Just upgraded to 6.5, and yes, something is definitively wrong with Find Usages and related refactorings in 6.5, they are WAY too slow. In my standard group of projects, a simple Find Usages on a class (with only a small number of actual usages) takes over a minute where in 6.1 it took 2-3 seconds. This makes 6.5 unusable(!) for us.
PS 6.5 = 6.5 Beta for me.
Reassigning to "refactoring" for evaluation. Could you please attach thread dump. http://wiki.netbeans.org/GenerateThreadDump
Created attachment 68047 [details] Thread dump of Find Usages (on a package-private class).
I notice that during Find Usages there's stuff being done in org.netbeans.modules.groovy.refactoring although we don't use Groovy in our projects.
This is duplicate of issue 143851 which has been fixed in trunk already. *** This issue has been marked as a duplicate of 143851 ***
Verified as fixed in Build 200808220201.
I'm re-opening this bug rather than the one this is marked a duplicate of, mainly because I didn't create that one, so I don't know what its intent was. I do know what the intent of this one was: performance. I see that the latest daily I downloaded (08/22) does, indeed, improve the performance of my Find Usages case by nearly 50%: it was 40+ seconds - now it takes 24 seconds. But my question is: is this the best you can do? The identical "Find Usages" on Eclipse takes 6 seconds the first time and when you do it again, it's smart enough to cache it and it takes 1 second.

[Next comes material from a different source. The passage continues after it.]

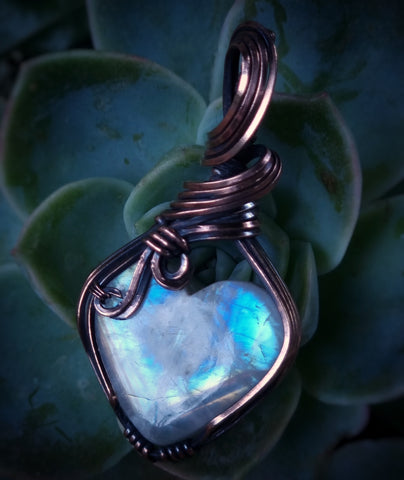 Heart Cut Rainbow Moonstone Gemstone Handcrafted Pendant in Coiled, Antiqued and Polished Pure Copper Wire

One quick followup: I wasn't quite being fair in the Eclipse/NB comparison: my colleague who uses Eclipse is running on a pretty powerful desktop (Core 2 Duo with a 7200rpm SATA disk running XP, vs. my Latitude D810 laptop with a piddly 5400rpm disk, running Ubuntu 8.04). But I think my argument is still valid - this difference in CPU/disk cannot account for a 4-to-1 difference in speed.
Issue 143851 fixed likely the regression reported by matthies. Other improvements were done for 6.5, but we don't know how to make it 4 times faster right now. Could check with 6.1 just to get the idea how we compare in your case? The time really depends on concrete sources; and it is not really much about how many usages are found in the end, but how big amount of data needs to be searched through.

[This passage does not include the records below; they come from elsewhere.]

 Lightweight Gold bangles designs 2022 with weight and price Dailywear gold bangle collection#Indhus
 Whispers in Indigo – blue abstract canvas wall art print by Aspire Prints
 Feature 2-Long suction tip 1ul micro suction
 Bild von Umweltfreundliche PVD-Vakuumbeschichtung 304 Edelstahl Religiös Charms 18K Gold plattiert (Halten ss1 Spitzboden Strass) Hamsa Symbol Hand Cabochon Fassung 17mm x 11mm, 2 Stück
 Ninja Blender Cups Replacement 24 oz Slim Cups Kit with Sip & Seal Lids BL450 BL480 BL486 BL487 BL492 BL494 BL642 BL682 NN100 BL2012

Reassigning back to refactoring, as reported problem in Groovy support was fixed.
Pavel will do some measurements to be sure we didn't regress since 6.1
I do not see any regression in comparison with 6.1. I have tried to find usages in of a class and it takes the same time in 6.1 and 6.5. Tested project has ~400 classes. Then I have tried to find usages of a static method of a widely used class. Again, I did not find any difference between 6.1 and 6.5. Removing regression keyword.

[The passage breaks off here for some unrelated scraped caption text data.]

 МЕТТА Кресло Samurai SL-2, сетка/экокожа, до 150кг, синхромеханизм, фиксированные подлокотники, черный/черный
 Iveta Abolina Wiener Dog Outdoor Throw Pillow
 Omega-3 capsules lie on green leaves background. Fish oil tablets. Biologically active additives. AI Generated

For next release, we think about using full identifier index. Such index will slowdown initial scanning little bit (8% in current prototype), but should dramatically help in original reported use-case.
Reassigned to Honza, he should be able to provide more details about the planned improvements.
The origin problem was fixed, no other performance regression found thus closing as fixed. You can track improvements of refactoring performance (especially find usages and rename) mentioned by pflaska in issue 120145.